• [Task prompt] You are asked to write out the full listing exactly as it stands.

• [Data extracts]
__________
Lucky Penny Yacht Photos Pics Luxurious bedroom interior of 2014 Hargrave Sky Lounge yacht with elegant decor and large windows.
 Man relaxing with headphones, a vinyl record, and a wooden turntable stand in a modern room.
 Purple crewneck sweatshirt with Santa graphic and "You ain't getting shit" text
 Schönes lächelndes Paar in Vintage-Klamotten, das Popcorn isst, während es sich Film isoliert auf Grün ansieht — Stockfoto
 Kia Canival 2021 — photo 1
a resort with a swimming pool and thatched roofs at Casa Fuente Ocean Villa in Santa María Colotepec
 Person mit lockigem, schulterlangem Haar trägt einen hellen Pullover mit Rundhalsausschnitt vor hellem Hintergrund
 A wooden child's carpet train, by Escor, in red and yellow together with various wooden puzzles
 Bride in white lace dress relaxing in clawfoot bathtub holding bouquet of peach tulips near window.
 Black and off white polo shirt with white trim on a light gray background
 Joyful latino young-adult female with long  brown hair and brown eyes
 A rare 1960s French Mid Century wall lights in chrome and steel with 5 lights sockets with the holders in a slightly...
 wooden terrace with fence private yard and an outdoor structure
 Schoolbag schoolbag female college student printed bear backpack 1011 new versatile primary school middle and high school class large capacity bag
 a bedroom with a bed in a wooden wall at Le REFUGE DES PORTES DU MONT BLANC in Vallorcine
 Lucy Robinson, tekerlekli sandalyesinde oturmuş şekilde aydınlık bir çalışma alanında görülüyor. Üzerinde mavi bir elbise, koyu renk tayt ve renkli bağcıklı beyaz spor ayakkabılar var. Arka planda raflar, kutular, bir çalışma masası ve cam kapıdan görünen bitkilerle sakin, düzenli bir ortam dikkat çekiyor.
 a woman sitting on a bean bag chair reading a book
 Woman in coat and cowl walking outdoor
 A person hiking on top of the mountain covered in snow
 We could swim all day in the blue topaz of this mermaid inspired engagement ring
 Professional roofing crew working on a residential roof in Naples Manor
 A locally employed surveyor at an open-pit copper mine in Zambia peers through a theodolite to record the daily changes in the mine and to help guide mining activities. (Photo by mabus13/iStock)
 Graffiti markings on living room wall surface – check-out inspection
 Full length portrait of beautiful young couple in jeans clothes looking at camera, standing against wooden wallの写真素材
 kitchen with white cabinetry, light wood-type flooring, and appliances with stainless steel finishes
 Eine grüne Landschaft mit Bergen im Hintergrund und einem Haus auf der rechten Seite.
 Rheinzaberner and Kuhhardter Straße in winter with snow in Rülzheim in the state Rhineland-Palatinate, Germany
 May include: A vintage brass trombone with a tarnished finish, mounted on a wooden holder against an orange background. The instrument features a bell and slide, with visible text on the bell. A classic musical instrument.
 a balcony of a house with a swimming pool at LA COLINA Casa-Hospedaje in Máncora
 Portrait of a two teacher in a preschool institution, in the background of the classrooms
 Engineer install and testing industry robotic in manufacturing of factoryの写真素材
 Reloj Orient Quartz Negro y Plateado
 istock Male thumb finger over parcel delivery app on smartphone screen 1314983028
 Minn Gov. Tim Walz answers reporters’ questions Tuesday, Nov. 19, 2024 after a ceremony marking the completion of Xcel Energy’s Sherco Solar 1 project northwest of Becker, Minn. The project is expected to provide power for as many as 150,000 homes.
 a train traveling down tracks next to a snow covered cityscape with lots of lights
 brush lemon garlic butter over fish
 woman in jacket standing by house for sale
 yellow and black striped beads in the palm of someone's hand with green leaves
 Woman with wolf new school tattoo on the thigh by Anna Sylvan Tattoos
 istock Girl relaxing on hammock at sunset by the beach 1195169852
__________
• [Exercise answer]
Lucky Penny Yacht Photos Pics Luxurious bedroom interior of 2014 Hargrave Sky Lounge yacht with elegant decor and large windows.
 Man relaxing with headphones, a vinyl record, and a wooden turntable stand in a modern room.
 Purple crewneck sweatshirt with Santa graphic and "You ain't getting shit" text
 Schönes lächelndes Paar in Vintage-Klamotten, das Popcorn isst, während es sich Film isoliert auf Grün ansieht — Stockfoto
 Kia Canival 2021 — photo 1
a resort with a swimming pool and thatched roofs at Casa Fuente Ocean Villa in Santa María Colotepec
 Person mit lockigem, schulterlangem Haar trägt einen hellen Pullover mit Rundhalsausschnitt vor hellem Hintergrund
 A wooden child's carpet train, by Escor, in red and yellow together with various wooden puzzles
 Bride in white lace dress relaxing in clawfoot bathtub holding bouquet of peach tulips near window.
 Black and off white polo shirt with white trim on a light gray background
 Joyful latino young-adult female with long  brown hair and brown eyes
 A rare 1960s French Mid Century wall lights in chrome and steel with 5 lights sockets with the holders in a slightly...
 wooden terrace with fence private yard and an outdoor structure
 Schoolbag schoolbag female college student printed bear backpack 1011 new versatile primary school middle and high school class large capacity bag
 a bedroom with a bed in a wooden wall at Le REFUGE DES PORTES DU MONT BLANC in Vallorcine
 Lucy Robinson, tekerlekli sandalyesinde oturmuş şekilde aydınlık bir çalışma alanında görülüyor. Üzerinde mavi bir elbise, koyu renk tayt ve renkli bağcıklı beyaz spor ayakkabılar var. Arka planda raflar, kutular, bir çalışma masası ve cam kapıdan görünen bitkilerle sakin, düzenli bir ortam dikkat çekiyor.
 a woman sitting on a bean bag chair reading a book
 Woman in coat and cowl walking outdoor
 A person hiking on top of the mountain covered in snow
 We could swim all day in the blue topaz of this mermaid inspired engagement ring
 Professional roofing crew working on a residential roof in Naples Manor
 A locally employed surveyor at an open-pit copper mine in Zambia peers through a theodolite to record the daily changes in the mine and to help guide mining activities. (Photo by mabus13/iStock)
 Graffiti markings on living room wall surface – check-out inspection
 Full length portrait of beautiful young couple in jeans clothes looking at camera, standing against wooden wallの写真素材
 kitchen with white cabinetry, light wood-type flooring, and appliances with stainless steel finishes
 Eine grüne Landschaft mit Bergen im Hintergrund und einem Haus auf der rechten Seite.
 Rheinzaberner and Kuhhardter Straße in winter with snow in Rülzheim in the state Rhineland-Palatinate, Germany
 May include: A vintage brass trombone with a tarnished finish, mounted on a wooden holder against an orange background. The instrument features a bell and slide, with visible text on the bell. A classic musical instrument.
 a balcony of a house with a swimming pool at LA COLINA Casa-Hospedaje in Máncora
 Portrait of a two teacher in a preschool institution, in the background of the classrooms
 Engineer install and testing industry robotic in manufacturing of factoryの写真素材
 Reloj Orient Quartz Negro y Plateado
 istock Male thumb finger over parcel delivery app on smartphone screen 1314983028
 Minn Gov. Tim Walz answers reporters’ questions Tuesday, Nov. 19, 2024 after a ceremony marking the completion of Xcel Energy’s Sherco Solar 1 project northwest of Becker, Minn. The project is expected to provide power for as many as 150,000 homes.
 a train traveling down tracks next to a snow covered cityscape with lots of lights
 brush lemon garlic butter over fish
 woman in jacket standing by house for sale
 yellow and black striped beads in the palm of someone's hand with green leaves
 Woman with wolf new school tattoo on the thigh by Anna Sylvan Tattoos
 istock Girl relaxing on hammock at sunset by the beach 1195169852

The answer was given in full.